Assim, quando o cordel ganha as páginas de um livro infantil e assume seu lugar na formação leitora das gerações seguintes, toda a sociedade se beneficia. Declamadores, editores, ilustradores e folheteiros, cada um tem seu lugar na propagação coletiva desse manifesto cultural. Afinal, uma história só ganha corpo quando é lida e compartilhada.
Na entrevista abaixo, a multiartista Mari Bigio conta a história desses lançamentos, e chama a atenção para a importância de ampliar o horizonte de leitura das crianças por meio de narrativas populares que estabelecem pontes com as origens de nossa cultura.
Os livros A bruxa do breu, A carta para o pirata, A sereia garbosa e Aliens, a lição têm em comum o fato de que são protagonizados por personagens conhecidos do imaginário popular. Mas, aqui, eles aparecem em versões contrárias aos padrões e às expectativas do outro, são personagens que não se ajustam e nem querem se ajustar. Podemos dizer que o fio condutor dessa coleção é a busca por uma voz/identidade própria? Como você conectou essas quatro histórias?
Mari Bigio – Sim! Essa busca é algo latente pra mim – e acho que pra muitas pessoas. Passei boa parte da vida tentando me encaixar em certos padrões, aos quais eu simplesmente não pertencia, é doloroso. Mas quando a gente se dá conta de que somos muito mais que um rótulo, é libertador! Parece complexo para as crianças entenderem? De jeito nenhum! Na infância, a gente já começa a perceber nossos gostos, nosso jeito de ser. E o mundo ao redor, logo cedo, já trata de querer nos moldar ao tal "padrão".
É na infância que a gente já pode começar a promover rupturas.
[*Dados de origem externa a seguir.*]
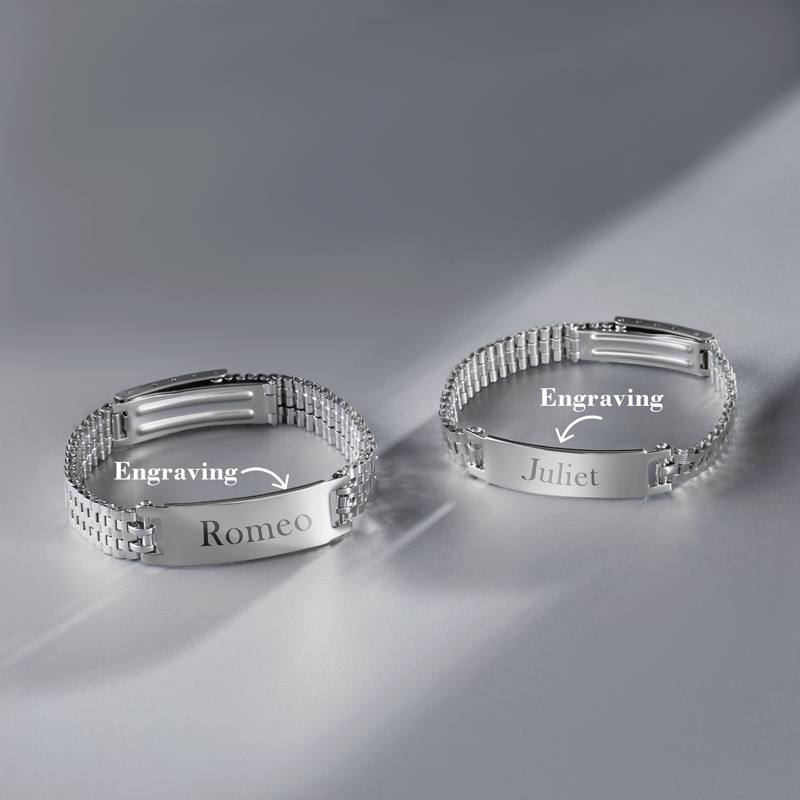 12mm Engraved Stainless Steel Adjustable Bracelet for Men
Criança é livre, tem que ser. (Mari Bigio, cordelista e musicista)
Os quatro arquétipos que escolhi (a bruxa, a sereia, o pirata e os alienígenas) são seres fantásticos, mas que traduzem, em muitas histórias, o comportamento humano. A fantasia é o território mais fértil para o diálogo com as crianças, e cada um desses personagens convoca-nos, de forma lúdica, a pensar sobre esses comportamentos. No pântano, numa galáxia distante, na superfície do mar ou metros e metros abaixo dela, seja qual for o cenário, a jornada desses personagens não almeja a salvação, a vitória por meio de batalhas, ou um grande amor. É uma jornada em busca de afirmação, respeito, em busca do seu lugar no mundo – e até no universo.
O texto desses livros é repleto de referências para os adultos reconhecerem e se divertirem junto com a criança. Como você vê a questão do rótulo na literatura infantil? Adultos também podem ser a audiência de um livro chamado “infantil” ou juvenil?
Mari Bigio – Como contadora de histórias, eu sou colecionadora de títulos infantis. Alguns desses livros me comovem tanto quanto um romance denso, me fazem gargalhar mais que muitas das melhores crônicas que já li. Nas minhas apresentações, muitas vezes os pais me procuram para dizer que se divertiram mais que as crianças. Eu acho o máximo! Quando escrevo, esse é o meu objetivo, despertar as emoções independemente da idade, fazer da leitura um momento de encontro entre as mais diversas gerações, uma oportunidade de vínculo, um espaço em que adultos e crianças se igualam em percepção e sensibilidade.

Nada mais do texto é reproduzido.